WO2011094077A1

WO2011094077A1 - Low complexity, high frame rate video encoder

Info

Publication number: WO2011094077A1
Application number: PCT/US2011/021356
Authority: WO
Inventors: Jang Wonkap; Michael Horowitz
Original assignee: Vidyo, Inc.
Priority date: 2010-01-26
Filing date: 2011-01-14
Publication date: 2011-08-04
Also published as: CN102754433A; CN102754433B; JP5629783B2; EP2526692A1; CA2787495A1; AU2011209901A1; US20110182354A1; JP2013518519A

Abstract

Disclosed herein are techniques and computer readable media containing instructions arranged to utilize existing video compression techniques to enhance a visually appealing high frame rate, without incurring the bitrate and computational complexity common to high frame rate coding using conventional techniques. SVC skip slices, slices in which the slice_skip_flag in the slice header is set to a value of 1 require very few bits in the bitstream, thereby keeping the bitrate overhead very low.

Description

Low Complexity, High Frame Rate Video Encoder

SPECIFICATION CROSS-REFERENCE TO RELATED APPLICATIONS

This application claims the benefit of priority to United States Provisional

Application Serial No. 61/298,423, filed January 26, 2010 for "Low Complexity, High Frame Rate Video Encoder," which is hereby incorporated by reference herein in its entirety.

FIELD OF THE INVENTION

The invention relates to video compression. More specifically, the invention relates to the novel use of existing video compression techniques to enhance a visually appealing high frame rate, without incurring the bitrate and computational complexity common to high frame rate coding using conventional techniques.

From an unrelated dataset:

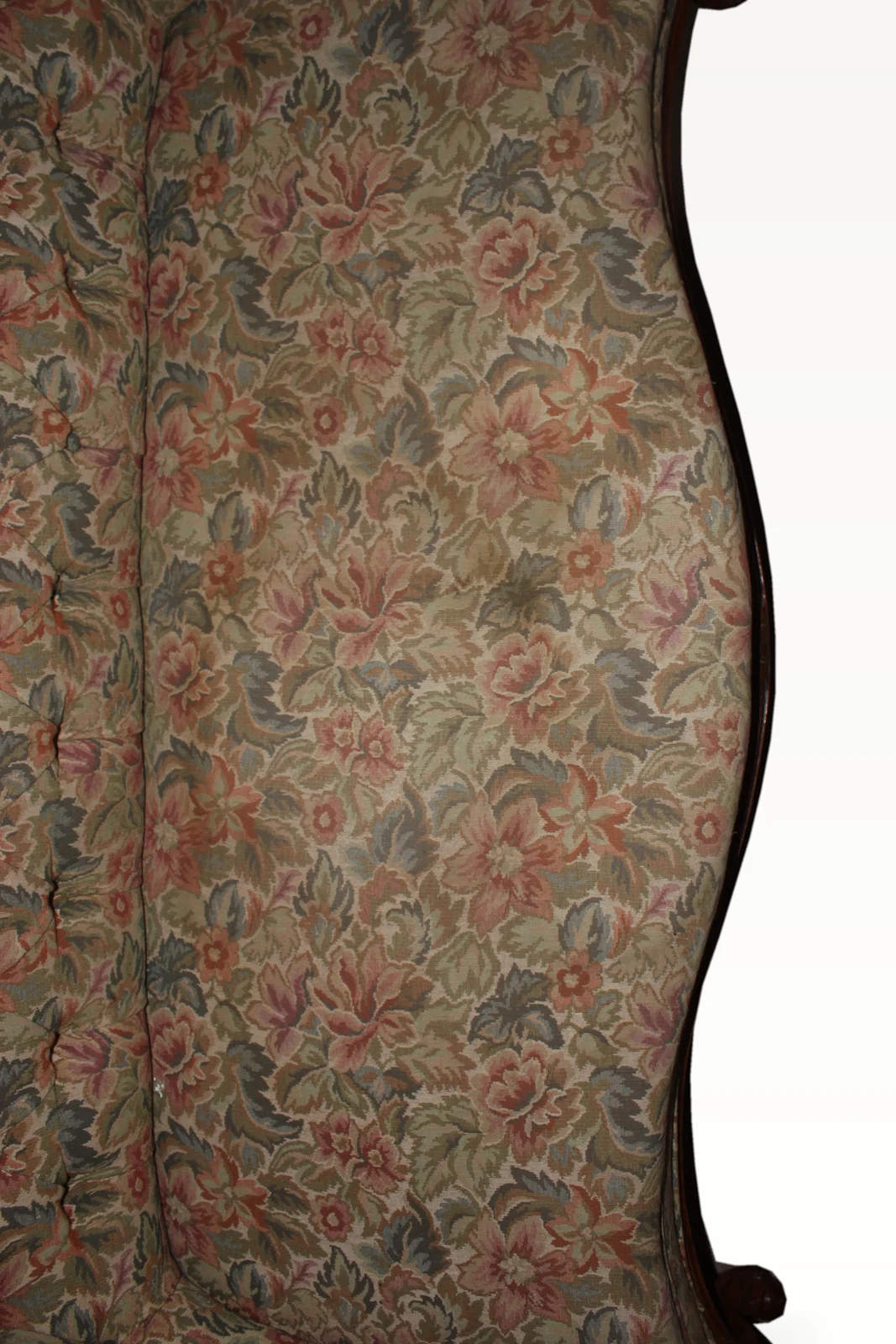 A wonderful and rare Antique Victorian original carved walnut chesterfield sofa. — view 15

BACKGROUND OF THE INVENTION

Subject matter related to the present application can be found in U.S. Patent No. 7,593,032, filed January 17, 2008 for "System And Method for a Conference Server Architecture for Low Delay and Distributed Conferencing Applications," and co-pending U.S. Patent Application Serial No. 12/539,501, filed August 1 1 , 2009, for "System And Method For A Conference Server Architecture For Low Delay And Distributed Conferencing Applications," which are incorporated by reference herein in their entireties.

Many modern video compression technologies utilize inter-picture prediction with motion compensation and transform coding of the residual signal as one of their key components to achieve high compression. Compressing a given picture of a video sequence typically involves a motion vector search and many two-dimensional transform operations. Implementing a picture coder according to these technologies requires a technology with a certain computational complexity, which can be realized, for example, using a software implementation of a sufficiently powerful general purpose processor, dedicated hardware circuitry, a Digital Signal Processor (DSP), or any combination thereof. The compressed video signal can include components such as motion vectors, (quantized) transform coefficients, and header data. To represent these components, a certain amount of bits are required that, when transmission of the compressed signal is desired, results in a certain bitrate requirement.

Increasing the frame rate increases the number of pictures to be coded in a given interval, and, thereby, increases both the computational complexity of the^' encoder and the bitrate requirement.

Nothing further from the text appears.